▶ _EXERCISE DATA_:
☆ ☆ ☆
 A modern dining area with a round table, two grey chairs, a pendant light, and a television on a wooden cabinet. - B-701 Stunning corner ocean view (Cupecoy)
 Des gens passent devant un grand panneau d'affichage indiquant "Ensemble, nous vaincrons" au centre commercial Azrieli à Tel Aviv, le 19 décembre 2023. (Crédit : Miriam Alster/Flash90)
☆ ☆ ☆
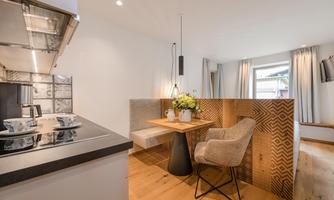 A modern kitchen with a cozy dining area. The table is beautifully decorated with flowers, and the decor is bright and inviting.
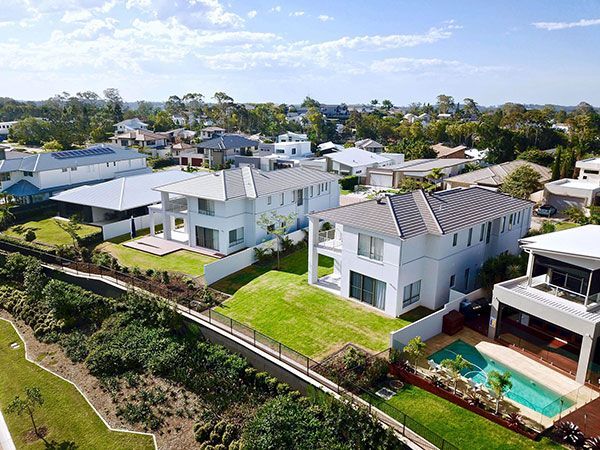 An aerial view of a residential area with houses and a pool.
☆ ☆ ☆
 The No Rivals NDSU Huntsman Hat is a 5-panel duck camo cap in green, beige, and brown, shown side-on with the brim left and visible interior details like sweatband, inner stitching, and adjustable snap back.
☆ ☆ ☆
Among the records above, extract exactly the lines from the line with "A modern dining" to the line with "Des gens passent", both lines included, and leave out the rest.

▶ _ANSWER SECTION_:
 A modern dining area with a round table, two grey chairs, a pendant light, and a television on a wooden cabinet. - B-701 Stunning corner ocean view (Cupecoy)
 Des gens passent devant un grand panneau d'affichage indiquant "Ensemble, nous vaincrons" au centre commercial Azrieli à Tel Aviv, le 19 décembre 2023. (Crédit : Miriam Alster/Flash90)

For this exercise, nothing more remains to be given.